Условия размещения госпиталя и жизни здесь более хорошие. Школа двух или трёхэтажная, кирпичная. В школе – госпитале тепло и светло. Классы поделены перегородками на несколько палат, узких и длинных, но зато в каждой есть, хотя бы, часть окна, раненые лежат по 2– 3 человека. Вся территория школы, вместе с нашими домами, огорожена. Посторонние не допускаются. Поэтому нам, детям, разрешают одним выходить и играть во дворе.
Госпиталь работает напряженно. Фронт ближе, составы приходят чаще. Мама работает бухгалтером и медсестрой одновременно. Домой забегает на минуточку, иногда её отпускают поспать, чтобы не упала. Она и тётя Феня стараются ночные дежурства делить так, чтобы кто-то был со мной. Это не всегда получается. Тогда утром я вскакиваю и бегу в госпиталь.
В госпитале меня уже все знают и любят. Сначала я иду в бухгалтерию. Если там мамы нет, значит, она дежурит в палатах. Тогда мой путь определён – на кухню, к Анне Григорьевне, завтракать. Анна Григорьевна усаживает меня в тёмный уголок у самого окошка сдачи грязной посуды. На всякий случай, чтобы легко можно было меня спрятать, если какая проверка: посторонних здесь кормить нельзя.
Но какая же я посторонняя? Мне этого не понять. Ведь я почти всех раненых знаю, и они знают и любят меня. Я часто прихожу к ним. Заглядываю то в одну палату, то в другую. Вот весёлый пожилой солдат. У него забинтовано полголовы, но один глаз под кустистыми бровями щурится добротой. Он шевелит свободным пальцем забинтованной руки, подзывая меня. Каким-то образом умудряется достать из-под подушки кусочек сахара, протягивает мне. Просит посидеть с ним. Я знаю, он любит, когда я читаю стихи. В госпиталь приносят газеты, где печатаются разные стихи. Мне стоит один раз услышать, и я запоминаю все, сразу. Вот и сейчас солдат показывает своим единственным глазом на тумбочку, где лежит газета. Лежащий рядом другой солдат, совсем молодой парень, выздоравливающий, скоро выпишется, берёт газету, тихо читает вслух стихотворение:
Пожар стихал. Закат был сух.
Всю ночь, как будто, так и надо,
Уже не поражая слух,
К нам долетала канонада…
И между сабель и сапог,
До стремени не доставая,
Внизу, как тихий василёк,
Бродила девочка чужая
Где дом её, что сталось ней
В ту ночь пожара мы не знали.
Перегибаясь к ней с коней,
К себе на седла поднимали…
Пожилой солдат говорит: "Олеся". А молодой читает ещё раз, чтобы я запомнила.

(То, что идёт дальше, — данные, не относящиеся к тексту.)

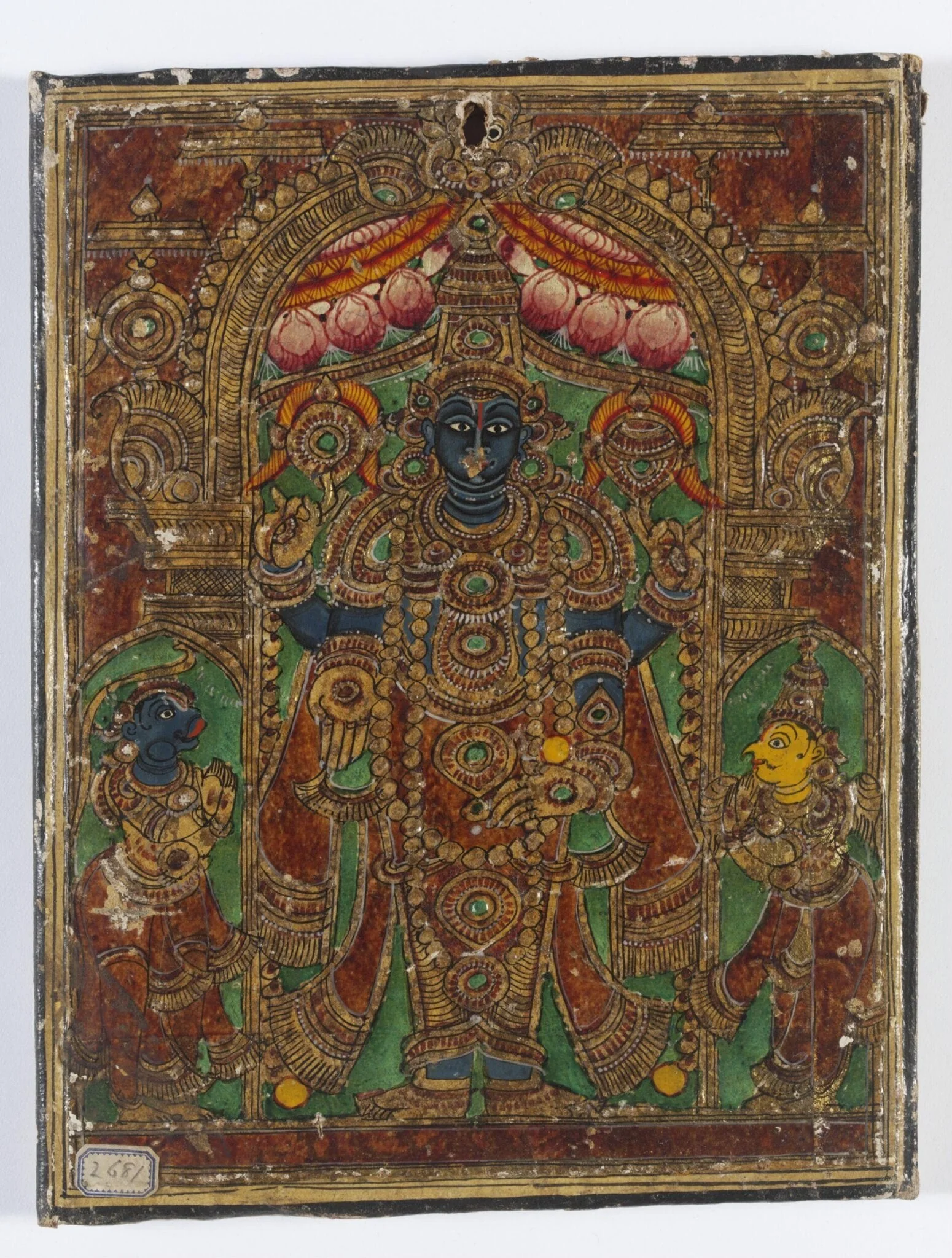 Vishnu, Garuda and Hanuman, by Unknown, paint, 1830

Про автора стихотворения никто не говорит, никому невдомек, что автора стоит знать. Просто есть хорошее, берущее за душу стихотворение. Так оно и запомнилось, так меня и просили: "Почитай про Олесю".
Уже много позднее, в сборнике стихов К. Симонова я прочла знакомые строчки и узнала, что стихотворение называется "Через двадцать лет".
Потом я перехожу в другую палату, там просят "Алешу":
Ты помнишь, Алеша дороги Смоленщины,
Как шли бесконечные, злые дожди,
Как кринки несли нам усталые женщины,
Прижав, как детей, от дождя их к груди….
А ещё просят прочитать про седого мальчишку, которого раненный отец вез на пушечном лафете, как самом надёжном месте на этой земле. Это тоже был Симонов.
Видавшие виды, покалеченные солдаты потихоньку утирают слёзы. И я, конечно не до конца понимая, сколько стоит за этими строчками, проникаюсь в их боль, страдания, чувства. И уж что, я знаю, приободрит их, что я читаю почти в каждой палате, (я знаю, что написал эти строчки Константин Симонов):
Жди меня, и я вернусь.
Только очень жди…
. . . . . . .
Как я выжил, будем знать
Только мы с тобой –
Просто ты умела ждать,
Как никто другой.
Простые слова хорошо понимались, принимались. Вскоре я научилась читать и уже сама прочитывала и запоминала стихи.